THE TASK: Please print the entries below exactly, from the line with "A flask! A bejeweled" through the line with "You'll also want", including both of those lines and leaving out all others.

DATA PROVIDED:
*****
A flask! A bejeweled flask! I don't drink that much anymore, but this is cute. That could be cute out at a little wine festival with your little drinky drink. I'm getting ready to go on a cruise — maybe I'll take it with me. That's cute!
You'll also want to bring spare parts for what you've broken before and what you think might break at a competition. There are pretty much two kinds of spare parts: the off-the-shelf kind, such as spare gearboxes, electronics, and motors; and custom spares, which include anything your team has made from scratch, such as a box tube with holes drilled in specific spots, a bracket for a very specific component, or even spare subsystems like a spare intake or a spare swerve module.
*****
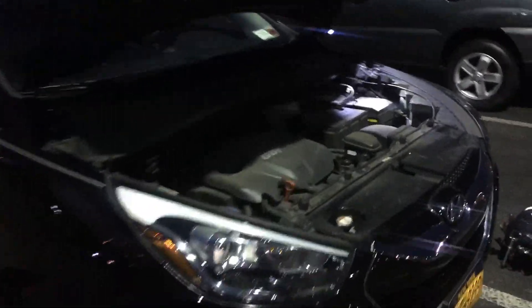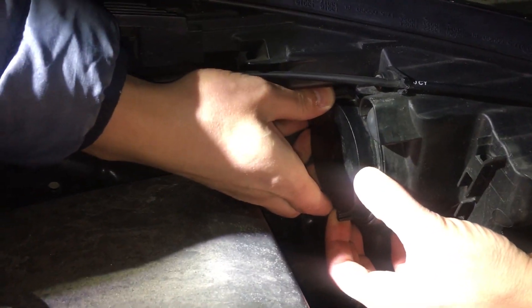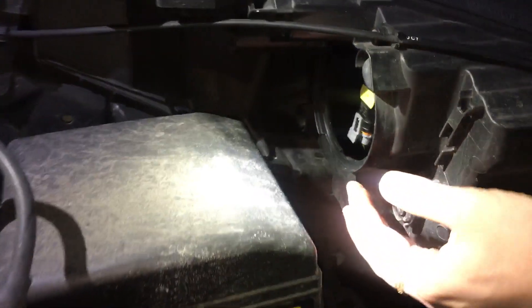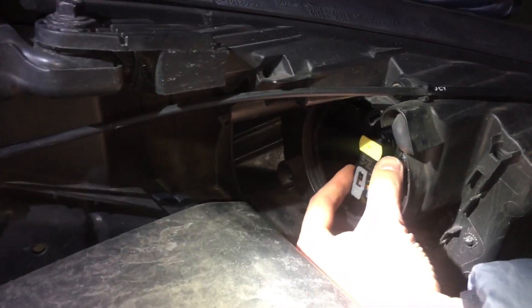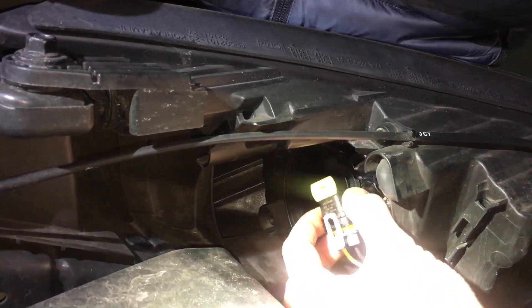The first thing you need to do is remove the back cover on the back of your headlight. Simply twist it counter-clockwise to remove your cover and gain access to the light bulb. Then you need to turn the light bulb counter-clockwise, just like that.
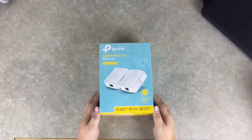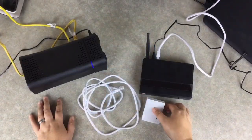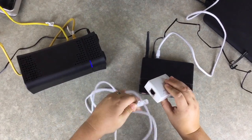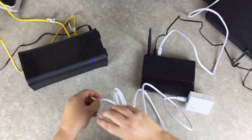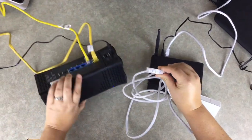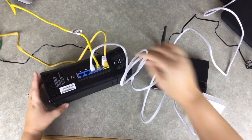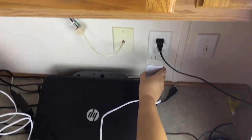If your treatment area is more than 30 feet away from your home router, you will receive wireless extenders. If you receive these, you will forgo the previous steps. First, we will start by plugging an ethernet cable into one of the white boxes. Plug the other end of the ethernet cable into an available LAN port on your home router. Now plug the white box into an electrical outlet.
*****
ANSWER TO THIS TASK:
A flask! A bejeweled flask! I don't drink that much anymore, but this is cute. That could be cute out at a little wine festival with your little drinky drink. I'm getting ready to go on a cruise — maybe I'll take it with me. That's cute!
You'll also want to bring spare parts for what you've broken before and what you think might break at a competition. There are pretty much two kinds of spare parts: the off-the-shelf kind, such as spare gearboxes, electronics, and motors; and custom spares, which include anything your team has made from scratch, such as a box tube with holes drilled in specific spots, a bracket for a very specific component, or even spare subsystems like a spare intake or a spare swerve module.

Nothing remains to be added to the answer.